Init: “The Night-Wight is a thing of shadow, haunting the remains of a warrior who once fell into corruption. It attacks using a wicked spear with a barbed head, and will resort to using its claws if disarmed. Let’s say it was a level 2 warrior in life, and give it a +2. But wait…Fell Speed. Let’s say +5.
Atk: A spear does 1d8 and claws 1d3, but we can also take the warrior’s deed die (from life) into account and grant a +2 attack and damage bonus. Spear +2 melee (1d8+2) or claw +2 melee (1d3+2).
AC: The monster has Parry 7 and 4d Armour, based on the difficulty of harming its semi-corporeal shadow form. Let’s make it AC 18.

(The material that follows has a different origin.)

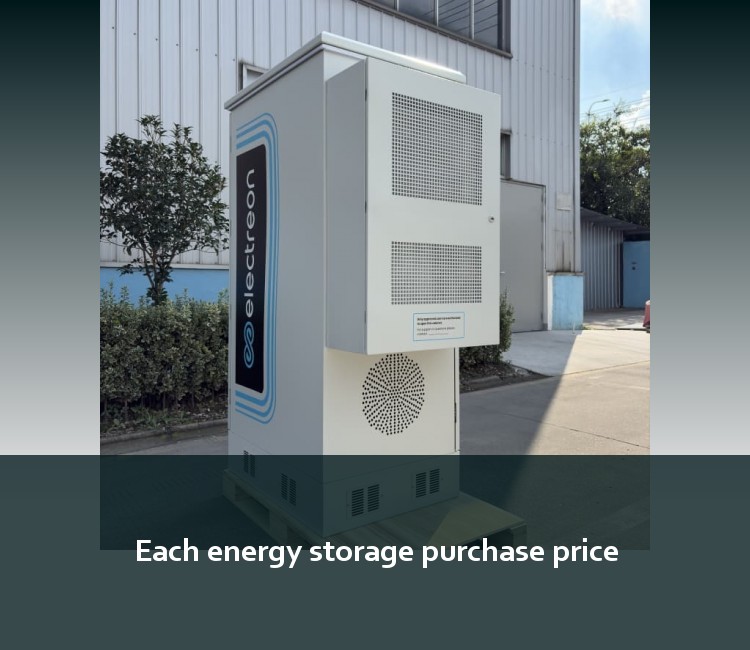 Each energy storage purchase price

HD: Endurance 54 is again indicated as a result of the Night-Wight being difficult to damage with corporeal weapons. The design suggests to me that driving it off with fire is the best option, so I will happily say that the creature has 8d12 Hit Dice, and also say that it only takes half damage from any non-magical source.
MV: The creature has Movement 3 and “Fell Speed”, which I am going to interpret as giving it MV 50’.

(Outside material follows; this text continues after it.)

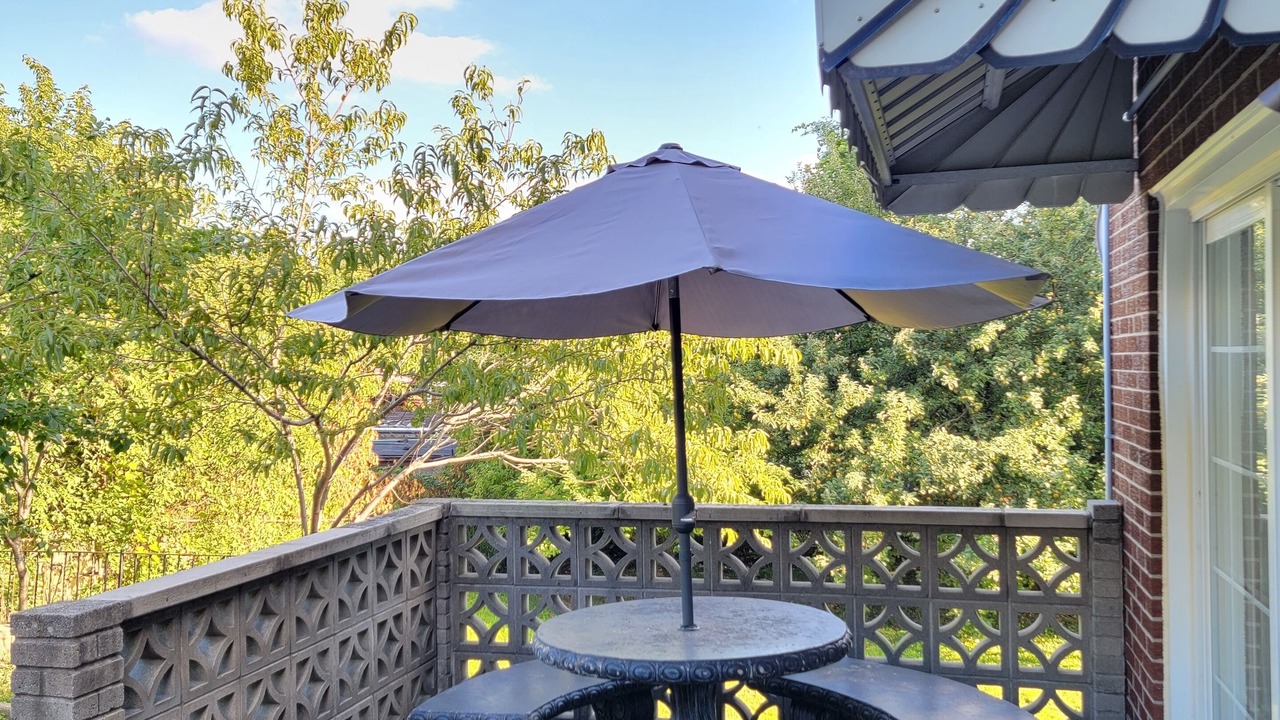 Photo of Outdoor in Maple Leaf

Act: 1d20 seems right to me.
SP: In addition to the things already described, the Night-Wight has Fear of Fire. From the text, “Hate” appears to indicate a creature’s motivation (and hence willingness) to fight. “Based on its special abilities, the Night-Wight loses 1 point of Hate at the end of the first round of combat for each companion wielding a torch (Fear of Fire) but still profits from its enhanced power at night (Denizen of the Dark). When reduced to 0 Hate, the Night-Wight flies away into the night shrieking in frustration (Craven).
We can say that the Night-Wight must make a Morale check at the end of each round it faces an enemy armed with fire. It takes a -1 penalty for each fire-wielder it faces, and an additional -2 for each successful save it has already made.
Let’s also give it a good bonus to Stealth. +10 seems right to me.
SV: Reflexes are important for a creature with “Fell Speed”, but Fortitude less so. A craven creature probably has a low Will, but as we are dropping save bonuses due to fire, choosing a high Will bonus is better. Fort +3, Ref +7, Will +12.
Crit: Following the table on page 385 of the core rulebook, we get a result of U/1d12.
Put altogether, our statblock looks like this:
Night-Wight: Init +5; Atk spear +2 melee (1d8+2) or claw +2 melee (1d3+3); AC 18; HD 8d12; hp 54; MV 50’; Act 1d20; SP Un-dead, enchant and submerge (see below), stealth +10, half damage from non-magical sources, fear of fire (see below); SV Fort +3, Ref +7, Will +12; AL C; Crit U/1d12.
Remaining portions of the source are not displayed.